Just wanted to see what people think/do. It's been interesting reading. Don't read too much into my original post. :)

djdister
10-Jul-2014, 12:57
Okay, so the way I see it, if I had one day (all day) to shoot, I might drive up to 200 miles. If I had an entire weekend, I might drive up to 300 - 400 miles. If I had a week to shoot, I might (and have) driven about 500-1,000 miles away from home.

Kodachrome25
13-Jul-2014, 08:25
I love to travel but don't have to.

16 years ago I relocated my job position of the best job on earth, a photographer, to an utterly spectacular setting with an insatiable appetite for the arts and great photographs...

Best..
Decision...
Ever....

Toyon
13-Jul-2014, 08:54
The most stirring photographers, in my opinion, are those that make mundane subjects interesting and "big". Check out the work of Stephen Shore, Helen Levitt or William Eggleston.
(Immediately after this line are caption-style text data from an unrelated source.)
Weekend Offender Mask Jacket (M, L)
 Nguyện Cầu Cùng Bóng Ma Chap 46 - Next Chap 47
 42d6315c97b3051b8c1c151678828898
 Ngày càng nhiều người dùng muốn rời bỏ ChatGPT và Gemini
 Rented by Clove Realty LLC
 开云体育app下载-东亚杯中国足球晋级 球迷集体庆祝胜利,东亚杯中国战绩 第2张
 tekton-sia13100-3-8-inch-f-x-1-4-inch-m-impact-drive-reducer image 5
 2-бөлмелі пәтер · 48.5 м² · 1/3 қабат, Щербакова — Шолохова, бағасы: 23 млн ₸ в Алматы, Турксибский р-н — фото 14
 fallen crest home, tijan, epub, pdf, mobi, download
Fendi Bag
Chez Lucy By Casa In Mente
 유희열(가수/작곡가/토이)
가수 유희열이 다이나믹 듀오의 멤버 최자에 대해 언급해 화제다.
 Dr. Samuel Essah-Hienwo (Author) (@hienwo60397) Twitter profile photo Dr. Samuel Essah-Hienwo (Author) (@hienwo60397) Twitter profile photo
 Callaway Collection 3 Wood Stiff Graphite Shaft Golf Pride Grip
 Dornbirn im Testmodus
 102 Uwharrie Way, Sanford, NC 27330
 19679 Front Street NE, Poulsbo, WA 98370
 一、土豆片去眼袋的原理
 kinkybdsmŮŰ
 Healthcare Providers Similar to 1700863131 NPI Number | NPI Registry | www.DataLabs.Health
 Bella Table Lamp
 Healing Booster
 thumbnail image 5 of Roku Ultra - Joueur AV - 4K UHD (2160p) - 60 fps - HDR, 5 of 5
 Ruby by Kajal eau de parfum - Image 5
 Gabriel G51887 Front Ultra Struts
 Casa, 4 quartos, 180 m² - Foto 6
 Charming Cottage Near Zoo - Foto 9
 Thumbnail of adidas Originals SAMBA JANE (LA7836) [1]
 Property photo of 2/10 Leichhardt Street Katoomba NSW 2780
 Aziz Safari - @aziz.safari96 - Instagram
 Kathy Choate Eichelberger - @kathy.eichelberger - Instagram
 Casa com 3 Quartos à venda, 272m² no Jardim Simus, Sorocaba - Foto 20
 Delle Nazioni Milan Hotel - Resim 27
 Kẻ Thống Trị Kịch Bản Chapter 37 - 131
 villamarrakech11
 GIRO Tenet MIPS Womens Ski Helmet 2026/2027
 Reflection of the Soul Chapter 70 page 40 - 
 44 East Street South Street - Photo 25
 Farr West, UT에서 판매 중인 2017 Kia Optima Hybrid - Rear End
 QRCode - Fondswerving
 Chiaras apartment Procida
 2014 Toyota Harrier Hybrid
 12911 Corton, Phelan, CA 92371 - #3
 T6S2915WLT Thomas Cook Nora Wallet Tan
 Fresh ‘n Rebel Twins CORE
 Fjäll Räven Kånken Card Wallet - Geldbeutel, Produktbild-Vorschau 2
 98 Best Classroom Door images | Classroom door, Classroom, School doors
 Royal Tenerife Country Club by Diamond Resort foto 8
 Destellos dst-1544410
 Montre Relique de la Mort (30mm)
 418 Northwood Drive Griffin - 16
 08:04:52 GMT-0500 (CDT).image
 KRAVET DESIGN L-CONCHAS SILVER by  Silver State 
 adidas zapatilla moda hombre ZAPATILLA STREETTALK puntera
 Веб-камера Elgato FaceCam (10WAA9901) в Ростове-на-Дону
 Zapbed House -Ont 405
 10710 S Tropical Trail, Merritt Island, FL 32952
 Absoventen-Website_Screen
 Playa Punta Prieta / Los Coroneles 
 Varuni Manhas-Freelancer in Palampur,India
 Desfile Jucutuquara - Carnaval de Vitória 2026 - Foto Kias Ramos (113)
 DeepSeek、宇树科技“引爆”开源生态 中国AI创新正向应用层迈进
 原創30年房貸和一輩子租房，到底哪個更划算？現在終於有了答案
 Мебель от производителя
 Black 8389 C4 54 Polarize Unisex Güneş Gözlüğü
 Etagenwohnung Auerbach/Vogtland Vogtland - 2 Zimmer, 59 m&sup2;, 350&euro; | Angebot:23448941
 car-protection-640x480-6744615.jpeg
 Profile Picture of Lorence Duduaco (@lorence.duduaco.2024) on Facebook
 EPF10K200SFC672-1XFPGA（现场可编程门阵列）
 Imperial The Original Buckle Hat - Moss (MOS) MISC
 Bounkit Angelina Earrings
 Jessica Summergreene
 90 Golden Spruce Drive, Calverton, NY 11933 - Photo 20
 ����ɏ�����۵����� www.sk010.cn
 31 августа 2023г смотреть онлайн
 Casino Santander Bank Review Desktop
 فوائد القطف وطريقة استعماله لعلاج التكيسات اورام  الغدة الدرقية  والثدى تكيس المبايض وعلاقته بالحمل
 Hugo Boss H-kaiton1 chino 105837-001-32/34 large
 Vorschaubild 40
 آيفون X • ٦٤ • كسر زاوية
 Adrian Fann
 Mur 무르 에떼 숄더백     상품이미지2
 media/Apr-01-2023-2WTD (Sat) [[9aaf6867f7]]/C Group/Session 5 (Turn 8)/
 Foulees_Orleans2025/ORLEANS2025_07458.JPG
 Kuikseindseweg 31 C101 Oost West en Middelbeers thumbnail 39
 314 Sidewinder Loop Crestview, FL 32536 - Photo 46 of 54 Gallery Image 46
Great subjects are in almost every neighborhood, you just have to think like a racoon. Racoons are omnivorous and curious, they investigate everything high and low.

John Kasaian
16-Jul-2014, 07:46
It depends.
I keep a mental list of locations I want to shoot at so if I have the time, fuel, & film, I'll go. I think the longest distance I've travelled to shoot on a day trip is over 200 miles, but I've made far more shorter trips of 10 miles or less. Whatever fits into my schedule. Subject matter has a lot to do with it as well as some subjects, like crop harvests, are time sensitive. From my home, Point Lobos, Morro Bay, the Gold Rush district, and Yosemite are pretty easy day trips if traffic is light.

Brassai
16-Jul-2014, 20:30
I live on the Northern Plains where the MacDonalds restaurants can be 70+ miiles apart. I think nothing of driving 250 miles on a day off. It helps that you can drive 80 mph on the interstates, if they aren't snow packed.